Conclusion: The interim analysis showed that KIM is clinically useful in improving the prostate and rectum dose in the presence of intrafraction motion, allowing prostate patients to benefit from SBRT. The successful use of KIM in the SPARK prostate cancer trial provides a pathway for the wide adoption of real-time image guidance on modern linear accelerators, advancing the standard of care worldwide.
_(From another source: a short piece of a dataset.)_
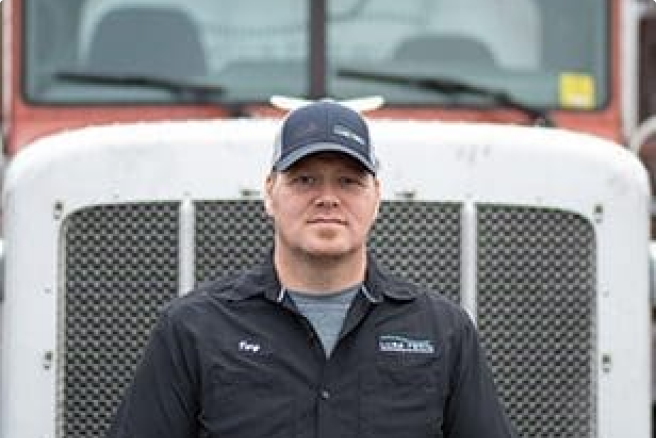 Driver standing in front of a truck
| Percentage of fractions with intervention || CTV D98 (%) || PTV D95 (%) || Bladder V70 (%) || Rectum V70 (%) |
| With KIM || Without KIM || With KIM || Without KIM || With KIM || Without KIM || With KIM || Without KIM |
| Exceeds 3% of plan value || 3 || 25 || 2 || 48 || 2 || 25 || 2 || 6 |
| Exceeds 5% of plan value || 0 || 12 || 0 || 35 || 0 || 14 || 0 || 2 |
Author Disclosure: E.A. Hewson: None. D. Nguyen: None. R. O'Brien: Founder, shareholder; Opus Medical. P.R. Poulsen: Research Grant; Varian Medical Systems. J. Booth: Research Grant; NHMRC, Varian Medical Systems, Cancer Australia. R. Bromley: None. J. Kipritidis: None. P. Greer: Employee; Calvary Mater Newcastle. Research Grant; Radiation Oncology Institute, Varian Medical Systems. Task Group Committee 264; American Association of Physicists in Medicine. Task Group Committee 307; Amereican Association of Physicists in Medicine. T. Eade: None. G. Hruby: None. P. Keall: Research Grant; Philips Medical, US NCI/NIH, Australian NHMRC, Australian Research Council, Varian, Cancer Australia, Australian Cancer Research Foundation, Prostate Cancer Foundation of Australia. Co-Investigator (PI Booth) for equipment and support for MLC tracking and KIM; Varian. In-kind Donation; Philips Medical. Stock; Respiratory Innovations, Nano X Pty Ltd, SeeTreat Pty Ltd. Partnership; Cancer Research Innovations. Royalty; Varian Medical Systems, Standard Imaging. Various; AAPM, ACPSEM, Journals.